Ai Weiwei is a world-famous artist based in China. He was detained for three months by the Chinese government earlier this year, and was ordered not to travel, speak in public or post to Twitter for a year. However, not long after his release, he started to post to Twitter and speak out again. He was recently sentenced to pay $2.3 million tax, but he has already collected about $1.4 million from his fans. His ‘tax battle’ against the government is called a ‘social performance.’
As this article says, “when Beijing tax officials delivered the massive bill to him on Nov. 1, scanned versions appeared on his Google profile page within hours. Responses from his company’s lawyers and tax office receipts are also posted, as is a daily tally of money that supporters have sent. Volunteers even post pictures of the cash donations that land in his yard.”

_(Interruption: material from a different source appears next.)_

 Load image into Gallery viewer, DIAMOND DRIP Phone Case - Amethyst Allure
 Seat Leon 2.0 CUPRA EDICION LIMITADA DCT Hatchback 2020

Ai Weiwei is best known for his designing of the 2008 Beijing Olympic stadium. For New Yorkers, he is known for the sculpture ‘Circle of Animals’ which was on view at the Central Park Grand Army Plaza earlier this year.
He is great as an artist, but what interests me more is that it is rather his social media than his art that made him an epitome of ‘freedom’ or ‘individualism’ in China. He also said, “the Internet is what affected me and has opened up so many doors and has ignited me.”
Although China does not allow access to Twitter, people find ways to work around that. Because Ai writes in Chinese, there are people who translate his words into English.
This 54-year-old man never used computer. He did not even know how to type until 2005. In 2005, he started to blog and has been drawn to Internet media so far.
In 2008, Ai recruited volunteers on Twitter to compile the names of thousands of students who died in poorly built schools that toppled during a massive earthquake in Sichuan. He posted the names to his blog. He later made an installation piece out of 9,000 children’s backpacks. The Chinese government shut down his blog in 2009, but he now has more than 110,000 followers at Twitter. He writes things such as “In an environment without public platform or protection for associations, the individual is the most powerful and most responsible” or “You have to act or the danger becomes stronger.”
Ai’s father was a poet in Mao Zedong’s era, and was accused of championing free speech. Ai flew to New York at the age of 24, and witnessed activists’ movements in New York during the 1980s. Therefore, his political consciousness must have been developed from his earlier days. Maybe he just did not have chances to express his thoughts, and social media opened up doors to him to hone his critical consciousness.
News about Ai Weiwei is being updated every moment now, and the world is talking about whether one artist can change China or not. I am not Chinese, and I do not know the answer. I do not know how Ai Weiwei’s social performance will end. However, one thing is for sure, I think. ‘Transparency’ and ‘openness’, which Social media can offer to anybody, are creating a new era for China.
A documentary film “Ai Weiwei: Never Sorry” will be released soon.